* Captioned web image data

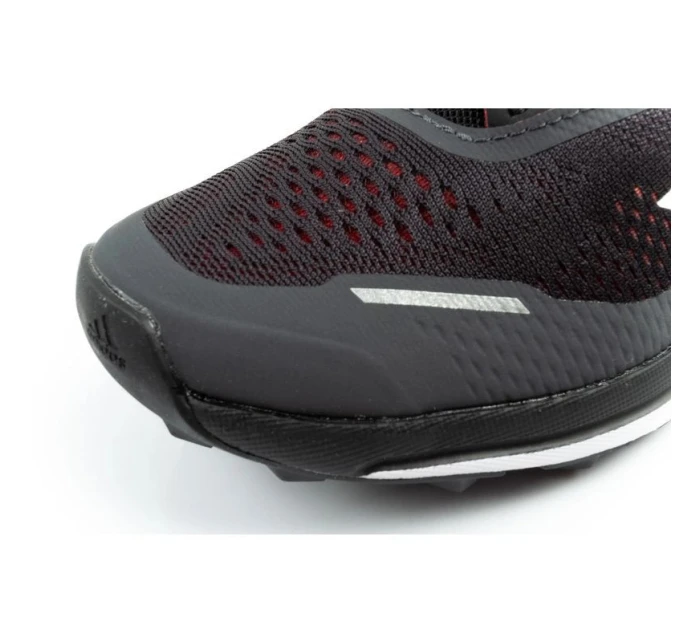 Dětská sportovní obuv Adidas Terrex Agravic Flow trekkingová pohodlná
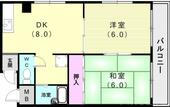 神戸市垂水区西舞子２丁目 3階建 築37年のイメージ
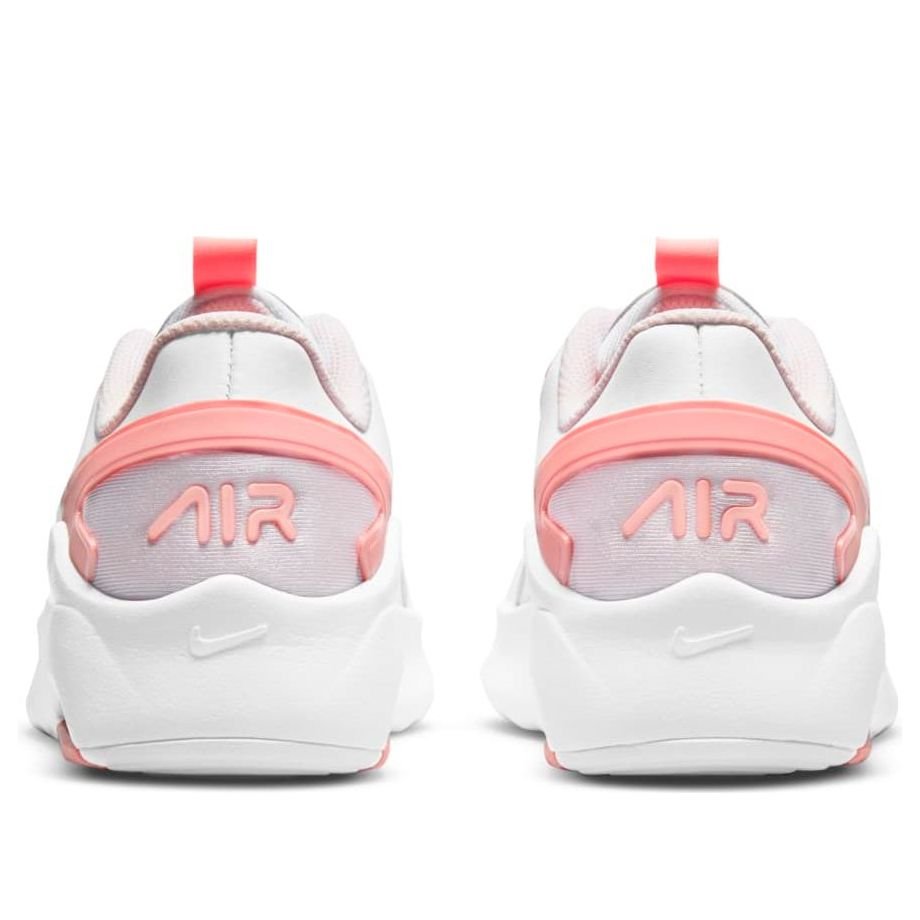 (GS) Nike Air Max Bolt 'Light Violet Crimson Bliss' CW1626-501 - Image 5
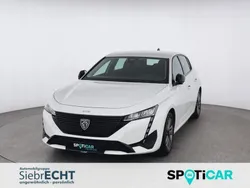 Weiã Gebraucht 2022 Peugeot 308 Active Limousine | 20.989 € (Fairer Preis)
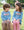 Farm Friends Pant Set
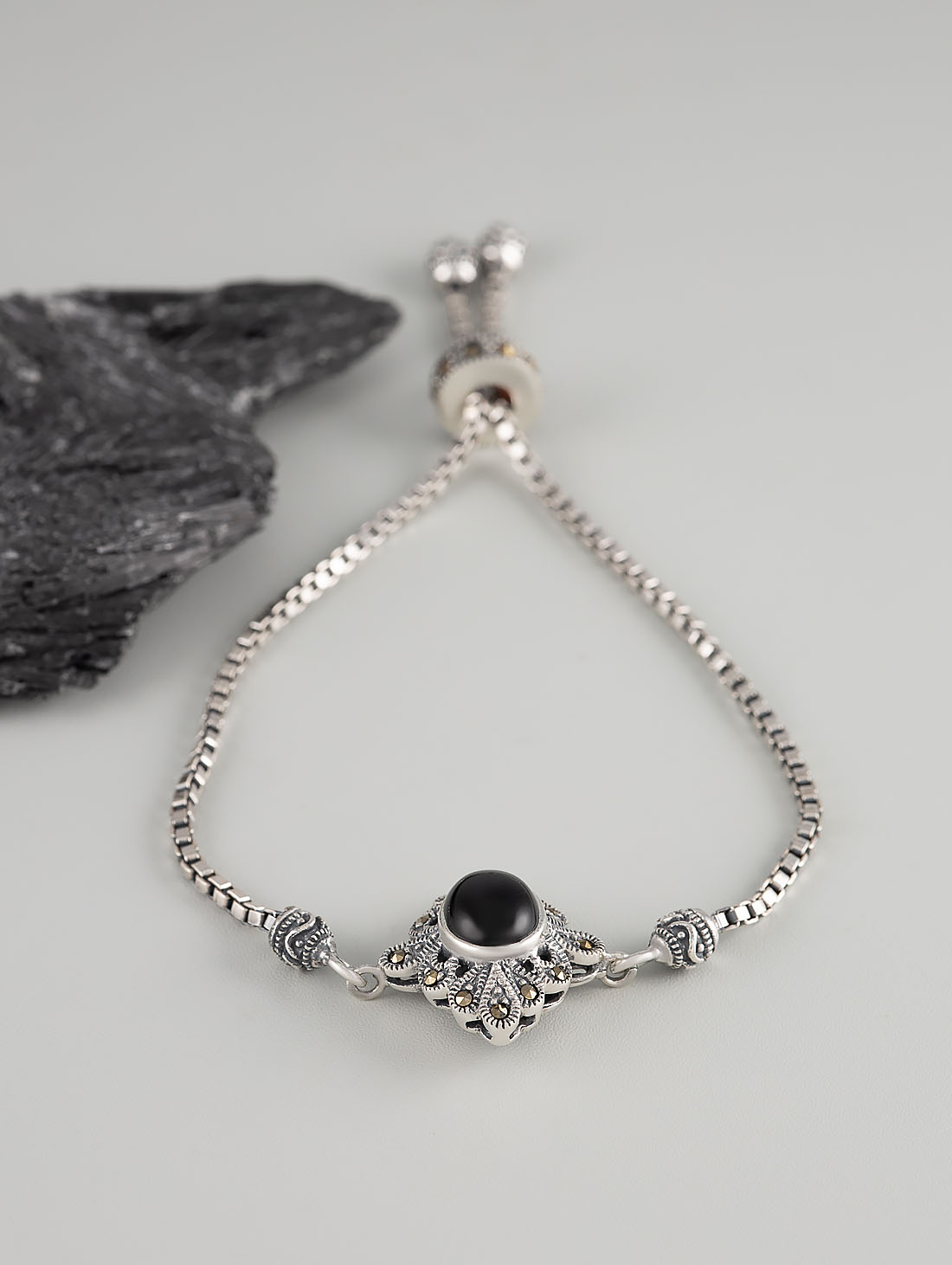 30988 Браслет (Ag 925)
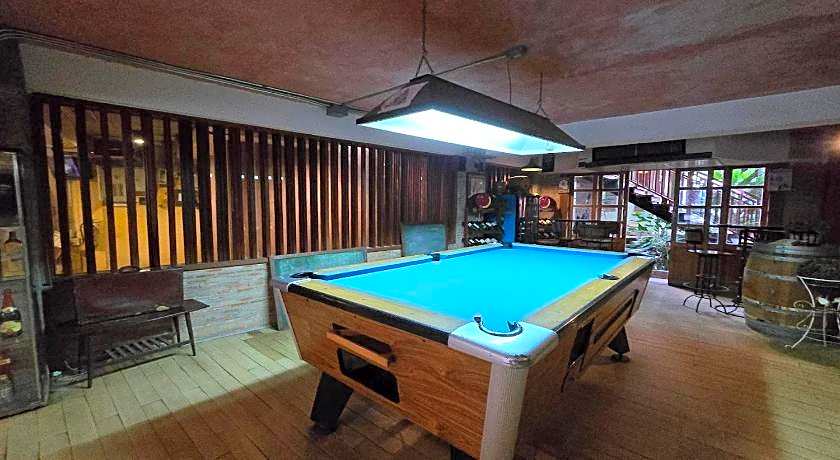 P1 House Phitsanulok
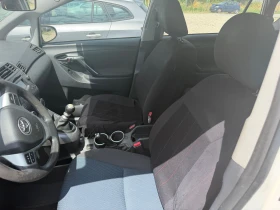 Toyota Verso 1, 6 d | Auto.bg — изображение 7 Toyota Verso 1, 6 d | Auto.bg — изображение 7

* Action item
Each line from the line containing "(GS) Nike Air" through the last line above must be written out exactly, and every picture must be omitted.

* Solution to this exercise
 (GS) Nike Air Max Bolt 'Light Violet Crimson Bliss' CW1626-501 - Image 5
 Weiã Gebraucht 2022 Peugeot 308 Active Limousine | 20.989 € (Fairer Preis)
 Farm Friends Pant Set
 30988 Браслет (Ag 925)
 P1 House Phitsanulok
 Toyota Verso 1, 6 d | Auto.bg — изображение 7 Toyota Verso 1, 6 d | Auto.bg — изображение 7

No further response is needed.